Joe Danna

Buffalo Bills
- Title: Secondary coach

Personal information
- Born: April 3, 1977 (age 49) Midland, Michigan, U.S.

Career information
- Position: Wide receiver
- High school: Midland (MI)
- College: Central Michigan

Career history
- Central Michigan (1999–2000) Student assistant; Georgia (2001) Graduate assistant; Central Michigan (2002–2005); Wide receivers coach (2002, 2005); ; Secondary coach (2003–2004); ; ; Georgia Southern (2006) Defensive backs coach; James Madison (2007) Defensive backs coach; Atlanta Falcons (2008–2009) Defensive quality control coach; Miami Dolphins (2010–2011) Assistant secondary coach; Atlanta Falcons (2012–2014) Defensive backs coach; New York Jets (2015–2016) Defensive backs coach; Jacksonville Jaguars (2017–2021); Assistant defensive backs coach (2017–2018); ; Defensive backs coach (2019–2020); ; Nickels coach (2021); ; ; Houston Texans (2022) Safeties coach; Buffalo Bills (2023–present); Safeties coach (2023–2025); ; Secondary coach (2026–present); ; ;

= Joe Danna =

American football coach (born 1977)

Joe Danna (born April 3, 1977) is an American football coach who is the secondary coach for the Buffalo Bills of the National Football League (NFL). He served as the safeties coach for the Bills from 2023 to 2025, prior to being promoted to his current position.

==Career==
Danna, who played wide receiver for Central Michigan University (CMU) from 1995 to 1998, began his coaching career at his alma mater as a graduate assistant after earning a bachelor of science in elementary education. He returned to CMU for a four-year coaching stint from 2002 to 2005. He served on collegiate coaching staffs at the University of Georgia (2001), Georgia Southern University (2006), James Madison University (2007).

In 2008, Danna joined the Atlanta Falcons of the National Football League, serving as a defensive assistant for head coach Mike Smith. He served as the assistant secondary coach for head coach Tony Sparano for the 2010 and 2011 seasons with the Miami Dolphins.
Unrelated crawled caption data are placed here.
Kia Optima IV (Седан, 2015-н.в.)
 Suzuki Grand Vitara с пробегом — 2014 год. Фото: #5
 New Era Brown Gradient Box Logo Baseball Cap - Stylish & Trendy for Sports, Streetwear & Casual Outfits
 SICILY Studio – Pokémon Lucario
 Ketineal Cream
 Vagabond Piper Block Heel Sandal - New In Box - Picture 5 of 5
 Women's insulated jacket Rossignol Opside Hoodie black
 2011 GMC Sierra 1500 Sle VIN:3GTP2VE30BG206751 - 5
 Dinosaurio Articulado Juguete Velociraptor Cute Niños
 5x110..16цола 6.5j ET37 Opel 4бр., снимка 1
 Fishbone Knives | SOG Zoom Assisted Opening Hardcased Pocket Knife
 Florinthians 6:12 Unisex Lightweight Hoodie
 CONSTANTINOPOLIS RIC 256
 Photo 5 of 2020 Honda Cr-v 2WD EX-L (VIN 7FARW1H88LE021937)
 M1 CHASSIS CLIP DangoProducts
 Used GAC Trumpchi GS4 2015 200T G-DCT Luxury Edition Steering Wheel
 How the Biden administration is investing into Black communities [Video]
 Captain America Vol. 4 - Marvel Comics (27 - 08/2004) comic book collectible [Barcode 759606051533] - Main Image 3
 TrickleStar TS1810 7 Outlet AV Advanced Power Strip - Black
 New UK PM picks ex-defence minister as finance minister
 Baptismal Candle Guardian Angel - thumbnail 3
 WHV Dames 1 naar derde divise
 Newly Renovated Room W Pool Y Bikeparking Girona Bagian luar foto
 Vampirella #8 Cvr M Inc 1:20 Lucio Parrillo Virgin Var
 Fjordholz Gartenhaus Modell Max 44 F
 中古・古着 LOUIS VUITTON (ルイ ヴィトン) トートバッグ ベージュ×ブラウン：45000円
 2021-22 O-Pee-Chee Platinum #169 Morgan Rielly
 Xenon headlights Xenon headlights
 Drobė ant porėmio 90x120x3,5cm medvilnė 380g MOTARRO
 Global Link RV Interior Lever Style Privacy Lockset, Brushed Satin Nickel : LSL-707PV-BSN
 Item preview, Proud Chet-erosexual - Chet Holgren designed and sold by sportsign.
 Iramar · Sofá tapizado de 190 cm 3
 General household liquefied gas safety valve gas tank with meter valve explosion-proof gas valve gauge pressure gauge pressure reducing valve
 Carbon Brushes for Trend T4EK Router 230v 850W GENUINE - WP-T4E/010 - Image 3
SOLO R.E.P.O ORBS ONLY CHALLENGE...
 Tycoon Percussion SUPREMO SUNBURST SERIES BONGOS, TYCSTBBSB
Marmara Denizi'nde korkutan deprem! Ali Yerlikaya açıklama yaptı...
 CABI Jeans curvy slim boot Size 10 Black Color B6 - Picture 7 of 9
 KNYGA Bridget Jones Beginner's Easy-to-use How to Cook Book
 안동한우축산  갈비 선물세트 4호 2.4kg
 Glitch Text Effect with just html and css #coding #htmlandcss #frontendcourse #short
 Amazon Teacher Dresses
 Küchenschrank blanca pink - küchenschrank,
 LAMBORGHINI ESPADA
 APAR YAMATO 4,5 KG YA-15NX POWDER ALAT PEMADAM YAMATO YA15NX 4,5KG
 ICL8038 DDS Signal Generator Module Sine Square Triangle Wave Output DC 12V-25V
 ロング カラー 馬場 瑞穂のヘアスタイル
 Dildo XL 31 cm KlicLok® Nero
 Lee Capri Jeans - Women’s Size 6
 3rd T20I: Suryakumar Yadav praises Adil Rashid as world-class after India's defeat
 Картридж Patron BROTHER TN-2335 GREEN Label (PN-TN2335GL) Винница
Danna returned to coach Smith's staff in 2012 with the Falcons and served as the defensive backs coach for three years. In 2015, Danna was hired by Todd Bowles of the New York Jets to serve as the defensive backs coach. He was hired by Doug Marrone to be assistant defensive backs coach for the Jacksonville Jaguars in 2017. He was promoted to safeties coach in 2019 and served in the position through 2020. For the 2021 season, Danna was retained by new head coach Urban Meyer as the nickels coach. In 2022, Danna was hired by Lovie Smith to serve as the safeties coach for the Houston Texans.

On February 2, 2023, Danna was hired to serve as safeties coach for the Buffalo Bills. After three seasons in that position, Danna was retained by new head coach Joe Brady for the 2026 season. Danna was promoted to become the team's new secondary coach.